Short descriptive text snippets:
----
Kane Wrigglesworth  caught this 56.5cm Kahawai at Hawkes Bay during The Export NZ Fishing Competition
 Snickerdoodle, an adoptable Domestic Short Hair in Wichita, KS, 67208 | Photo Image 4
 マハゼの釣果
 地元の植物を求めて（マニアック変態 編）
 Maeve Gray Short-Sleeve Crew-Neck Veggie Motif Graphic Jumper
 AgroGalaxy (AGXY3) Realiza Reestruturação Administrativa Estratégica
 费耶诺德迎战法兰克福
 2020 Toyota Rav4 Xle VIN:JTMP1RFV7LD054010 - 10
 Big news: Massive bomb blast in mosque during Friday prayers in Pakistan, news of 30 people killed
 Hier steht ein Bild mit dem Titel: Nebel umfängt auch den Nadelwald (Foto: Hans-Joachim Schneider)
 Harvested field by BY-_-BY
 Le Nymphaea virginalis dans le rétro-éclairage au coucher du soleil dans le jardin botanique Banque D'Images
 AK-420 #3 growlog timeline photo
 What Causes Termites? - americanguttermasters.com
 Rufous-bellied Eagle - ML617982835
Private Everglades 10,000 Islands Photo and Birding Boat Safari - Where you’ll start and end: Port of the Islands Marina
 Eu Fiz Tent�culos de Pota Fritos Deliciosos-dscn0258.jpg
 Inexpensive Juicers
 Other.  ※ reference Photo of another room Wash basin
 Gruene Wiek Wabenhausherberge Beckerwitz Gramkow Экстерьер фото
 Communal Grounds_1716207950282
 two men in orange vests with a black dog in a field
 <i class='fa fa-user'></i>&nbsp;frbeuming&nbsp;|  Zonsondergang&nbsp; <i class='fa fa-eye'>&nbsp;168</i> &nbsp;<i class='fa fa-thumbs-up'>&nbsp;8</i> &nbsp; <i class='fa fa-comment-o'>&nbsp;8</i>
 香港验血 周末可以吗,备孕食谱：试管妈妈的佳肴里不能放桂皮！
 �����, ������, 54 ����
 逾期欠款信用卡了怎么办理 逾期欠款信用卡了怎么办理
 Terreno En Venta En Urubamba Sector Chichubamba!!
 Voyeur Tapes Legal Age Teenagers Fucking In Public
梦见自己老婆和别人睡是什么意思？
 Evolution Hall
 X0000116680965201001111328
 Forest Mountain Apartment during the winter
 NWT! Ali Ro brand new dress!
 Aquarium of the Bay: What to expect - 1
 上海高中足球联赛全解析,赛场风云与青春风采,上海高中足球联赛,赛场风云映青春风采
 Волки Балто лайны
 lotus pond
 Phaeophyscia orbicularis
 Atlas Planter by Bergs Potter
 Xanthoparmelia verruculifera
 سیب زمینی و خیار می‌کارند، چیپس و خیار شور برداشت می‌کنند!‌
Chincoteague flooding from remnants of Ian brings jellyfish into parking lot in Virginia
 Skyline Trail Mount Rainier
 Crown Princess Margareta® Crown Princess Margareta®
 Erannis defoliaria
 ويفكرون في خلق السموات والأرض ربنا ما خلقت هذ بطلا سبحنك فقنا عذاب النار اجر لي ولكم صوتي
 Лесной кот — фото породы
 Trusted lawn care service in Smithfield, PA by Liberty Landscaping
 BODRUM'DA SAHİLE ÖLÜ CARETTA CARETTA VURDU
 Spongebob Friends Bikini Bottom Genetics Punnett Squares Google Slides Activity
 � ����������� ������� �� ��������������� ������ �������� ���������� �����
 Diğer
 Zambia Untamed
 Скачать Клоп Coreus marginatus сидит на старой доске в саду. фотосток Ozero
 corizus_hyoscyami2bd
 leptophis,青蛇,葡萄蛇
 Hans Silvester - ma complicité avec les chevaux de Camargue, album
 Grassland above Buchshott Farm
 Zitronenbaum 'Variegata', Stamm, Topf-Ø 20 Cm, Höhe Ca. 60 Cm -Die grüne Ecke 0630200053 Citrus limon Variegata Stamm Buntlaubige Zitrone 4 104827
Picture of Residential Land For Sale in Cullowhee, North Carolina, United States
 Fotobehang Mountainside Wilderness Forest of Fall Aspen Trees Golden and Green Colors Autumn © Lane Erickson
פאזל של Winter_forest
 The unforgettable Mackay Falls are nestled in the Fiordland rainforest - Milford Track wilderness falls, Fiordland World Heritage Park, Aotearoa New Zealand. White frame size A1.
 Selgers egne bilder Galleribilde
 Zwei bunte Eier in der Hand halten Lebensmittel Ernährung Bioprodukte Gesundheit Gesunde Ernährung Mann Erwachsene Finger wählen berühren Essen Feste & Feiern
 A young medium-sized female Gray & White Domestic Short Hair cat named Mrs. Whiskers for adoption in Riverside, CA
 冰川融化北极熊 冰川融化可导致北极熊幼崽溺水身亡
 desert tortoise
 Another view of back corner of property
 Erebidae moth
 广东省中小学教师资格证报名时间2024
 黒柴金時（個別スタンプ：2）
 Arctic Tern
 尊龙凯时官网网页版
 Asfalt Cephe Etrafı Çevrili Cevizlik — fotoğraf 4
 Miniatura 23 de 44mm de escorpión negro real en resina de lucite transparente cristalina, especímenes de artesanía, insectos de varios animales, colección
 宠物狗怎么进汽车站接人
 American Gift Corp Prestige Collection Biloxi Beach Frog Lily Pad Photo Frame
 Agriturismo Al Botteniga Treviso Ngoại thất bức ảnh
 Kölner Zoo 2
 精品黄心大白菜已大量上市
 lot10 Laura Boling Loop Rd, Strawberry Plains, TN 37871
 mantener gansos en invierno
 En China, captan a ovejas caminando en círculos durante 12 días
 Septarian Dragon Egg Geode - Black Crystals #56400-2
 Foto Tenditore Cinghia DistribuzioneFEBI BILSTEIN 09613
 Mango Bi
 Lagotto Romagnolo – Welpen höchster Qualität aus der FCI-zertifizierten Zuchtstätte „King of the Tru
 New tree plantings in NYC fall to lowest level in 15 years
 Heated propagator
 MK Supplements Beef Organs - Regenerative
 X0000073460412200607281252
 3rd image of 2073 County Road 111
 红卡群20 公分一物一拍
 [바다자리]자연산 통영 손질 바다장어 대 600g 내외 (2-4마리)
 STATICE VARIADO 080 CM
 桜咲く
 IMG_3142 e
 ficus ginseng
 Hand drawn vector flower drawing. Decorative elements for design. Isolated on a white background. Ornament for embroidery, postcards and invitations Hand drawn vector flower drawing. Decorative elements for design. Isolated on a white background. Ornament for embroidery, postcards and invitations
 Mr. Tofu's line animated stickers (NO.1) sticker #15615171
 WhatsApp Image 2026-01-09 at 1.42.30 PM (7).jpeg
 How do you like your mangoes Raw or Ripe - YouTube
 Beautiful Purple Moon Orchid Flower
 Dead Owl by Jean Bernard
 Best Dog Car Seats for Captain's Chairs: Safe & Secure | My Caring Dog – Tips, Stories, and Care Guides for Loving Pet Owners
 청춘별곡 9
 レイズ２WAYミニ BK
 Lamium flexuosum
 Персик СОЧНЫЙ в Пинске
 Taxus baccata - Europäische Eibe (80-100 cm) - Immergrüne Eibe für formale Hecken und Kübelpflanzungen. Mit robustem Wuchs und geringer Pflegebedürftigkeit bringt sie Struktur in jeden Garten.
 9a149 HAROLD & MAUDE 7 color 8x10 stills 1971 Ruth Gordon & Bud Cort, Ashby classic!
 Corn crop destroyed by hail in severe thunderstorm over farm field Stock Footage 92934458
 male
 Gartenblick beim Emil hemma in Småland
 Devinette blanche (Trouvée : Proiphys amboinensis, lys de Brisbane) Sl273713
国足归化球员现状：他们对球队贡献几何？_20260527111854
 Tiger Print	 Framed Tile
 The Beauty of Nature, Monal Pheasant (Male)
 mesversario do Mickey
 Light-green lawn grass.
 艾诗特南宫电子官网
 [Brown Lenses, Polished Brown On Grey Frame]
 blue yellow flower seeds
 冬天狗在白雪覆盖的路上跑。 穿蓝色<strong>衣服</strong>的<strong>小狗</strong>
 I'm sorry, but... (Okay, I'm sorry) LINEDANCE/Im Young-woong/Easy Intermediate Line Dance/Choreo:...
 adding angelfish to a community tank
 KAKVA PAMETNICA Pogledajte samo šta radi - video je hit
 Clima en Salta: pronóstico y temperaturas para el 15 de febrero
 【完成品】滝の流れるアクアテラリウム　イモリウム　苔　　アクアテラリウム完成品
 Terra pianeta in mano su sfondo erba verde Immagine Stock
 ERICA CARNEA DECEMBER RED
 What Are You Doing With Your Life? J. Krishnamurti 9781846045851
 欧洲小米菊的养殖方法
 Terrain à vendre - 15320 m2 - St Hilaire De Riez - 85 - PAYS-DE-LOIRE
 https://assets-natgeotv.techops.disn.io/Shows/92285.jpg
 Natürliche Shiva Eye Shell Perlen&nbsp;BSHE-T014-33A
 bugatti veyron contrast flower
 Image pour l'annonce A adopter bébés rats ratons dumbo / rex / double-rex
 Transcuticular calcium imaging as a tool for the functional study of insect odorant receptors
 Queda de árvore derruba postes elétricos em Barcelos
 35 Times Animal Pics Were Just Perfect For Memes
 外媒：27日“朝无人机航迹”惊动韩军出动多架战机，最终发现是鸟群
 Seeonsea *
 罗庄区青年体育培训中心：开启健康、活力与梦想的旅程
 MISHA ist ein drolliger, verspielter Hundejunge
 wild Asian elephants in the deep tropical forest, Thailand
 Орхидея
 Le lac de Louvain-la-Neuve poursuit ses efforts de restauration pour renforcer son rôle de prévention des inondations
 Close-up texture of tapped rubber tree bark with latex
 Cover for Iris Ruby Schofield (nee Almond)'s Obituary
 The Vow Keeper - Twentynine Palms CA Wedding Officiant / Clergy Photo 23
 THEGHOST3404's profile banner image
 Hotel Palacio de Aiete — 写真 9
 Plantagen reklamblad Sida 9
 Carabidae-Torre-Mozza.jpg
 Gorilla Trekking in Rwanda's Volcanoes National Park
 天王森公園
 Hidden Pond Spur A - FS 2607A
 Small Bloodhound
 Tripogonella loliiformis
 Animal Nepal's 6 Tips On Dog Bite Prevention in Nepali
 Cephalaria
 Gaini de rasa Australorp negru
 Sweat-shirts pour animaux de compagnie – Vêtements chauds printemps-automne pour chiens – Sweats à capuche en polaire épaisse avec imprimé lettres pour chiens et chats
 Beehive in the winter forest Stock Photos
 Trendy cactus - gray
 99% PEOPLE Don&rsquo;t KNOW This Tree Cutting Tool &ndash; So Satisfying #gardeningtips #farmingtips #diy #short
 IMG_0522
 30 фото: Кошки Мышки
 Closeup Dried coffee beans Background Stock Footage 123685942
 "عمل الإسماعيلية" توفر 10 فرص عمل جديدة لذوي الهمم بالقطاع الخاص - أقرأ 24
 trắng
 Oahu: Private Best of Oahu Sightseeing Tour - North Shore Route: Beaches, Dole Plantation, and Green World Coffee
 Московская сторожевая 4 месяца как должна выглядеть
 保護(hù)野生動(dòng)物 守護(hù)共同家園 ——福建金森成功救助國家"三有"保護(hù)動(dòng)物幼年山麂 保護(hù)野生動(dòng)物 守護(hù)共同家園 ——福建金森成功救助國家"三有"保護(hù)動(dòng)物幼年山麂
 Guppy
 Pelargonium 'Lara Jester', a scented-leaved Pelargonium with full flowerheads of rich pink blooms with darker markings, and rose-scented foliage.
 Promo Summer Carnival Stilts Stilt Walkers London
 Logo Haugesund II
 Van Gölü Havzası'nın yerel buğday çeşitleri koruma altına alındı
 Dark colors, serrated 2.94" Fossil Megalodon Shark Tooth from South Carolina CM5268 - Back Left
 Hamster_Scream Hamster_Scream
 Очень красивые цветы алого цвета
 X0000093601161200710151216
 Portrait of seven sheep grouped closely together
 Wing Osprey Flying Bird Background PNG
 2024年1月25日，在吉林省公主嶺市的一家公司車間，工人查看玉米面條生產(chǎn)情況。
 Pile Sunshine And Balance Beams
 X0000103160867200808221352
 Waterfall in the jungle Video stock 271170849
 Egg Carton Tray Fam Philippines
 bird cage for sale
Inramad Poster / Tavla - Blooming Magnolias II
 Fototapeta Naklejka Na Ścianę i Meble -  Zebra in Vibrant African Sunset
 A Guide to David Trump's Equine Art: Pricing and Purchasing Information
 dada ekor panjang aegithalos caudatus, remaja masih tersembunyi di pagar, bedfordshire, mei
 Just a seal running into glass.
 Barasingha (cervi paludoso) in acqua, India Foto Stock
----
▸ **TO DO**
Above are the entries. Copy exactly the part that opens with the line containing "Plantagen reklamblad Sida 9" and closes with the line containing "Gaini de rasa Australorp negru", and no more.

▸ **EXPECTED ANSWER**
 Plantagen reklamblad Sida 9
 Carabidae-Torre-Mozza.jpg
 Gorilla Trekking in Rwanda's Volcanoes National Park
 天王森公園
 Hidden Pond Spur A - FS 2607A
 Small Bloodhound
 Tripogonella loliiformis
 Animal Nepal's 6 Tips On Dog Bite Prevention in Nepali
 Cephalaria
 Gaini de rasa Australorp negru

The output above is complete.